What is expected ▸ Only the pictures are to be dropped; return all other data below exactly.

Source data ▸
++++++

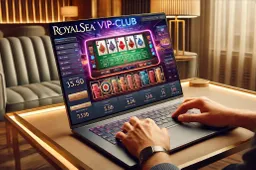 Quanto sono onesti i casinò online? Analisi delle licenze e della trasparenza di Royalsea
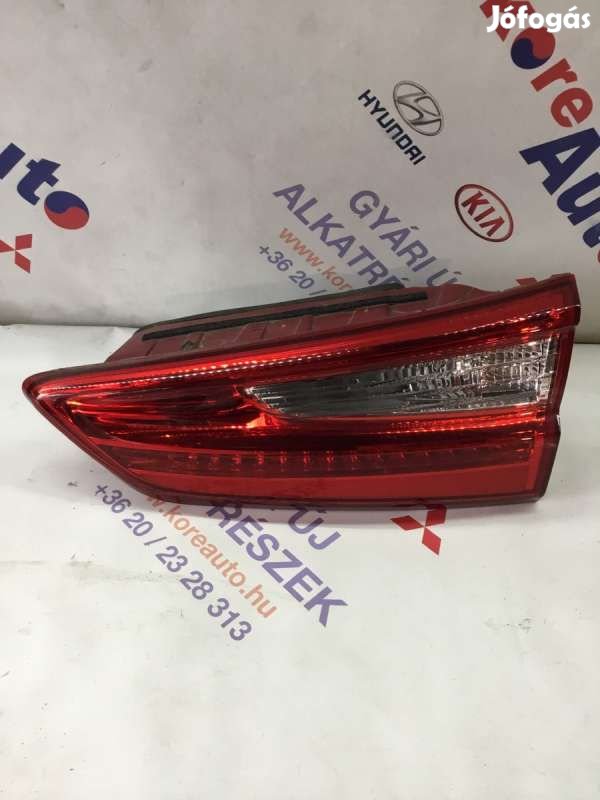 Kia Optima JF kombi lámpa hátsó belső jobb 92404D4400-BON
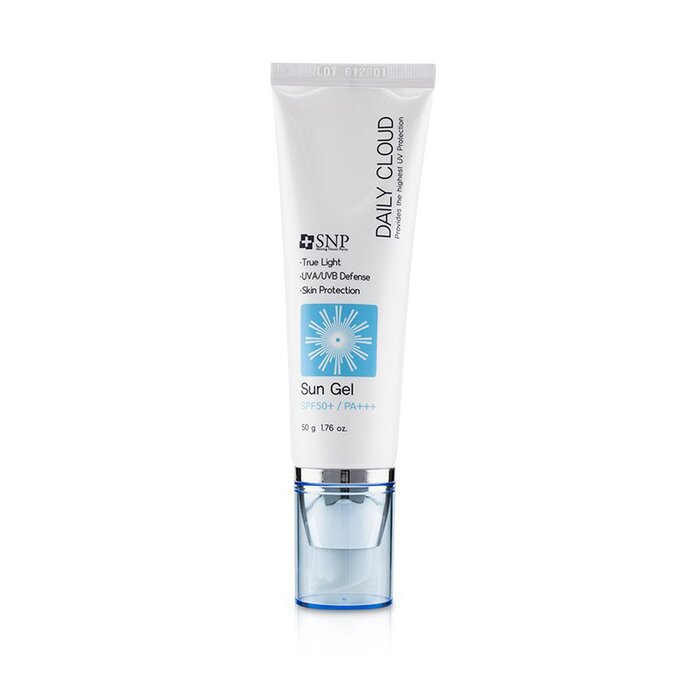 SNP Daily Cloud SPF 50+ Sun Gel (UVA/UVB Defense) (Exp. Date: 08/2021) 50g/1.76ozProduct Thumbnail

++++++

Output of the task ▸
 Quanto sono onesti i casinò online? Analisi delle licenze e della trasparenza di Royalsea
 Kia Optima JF kombi lámpa hátsó belső jobb 92404D4400-BON
 SNP Daily Cloud SPF 50+ Sun Gel (UVA/UVB Defense) (Exp. Date: 08/2021) 50g/1.76ozProduct Thumbnail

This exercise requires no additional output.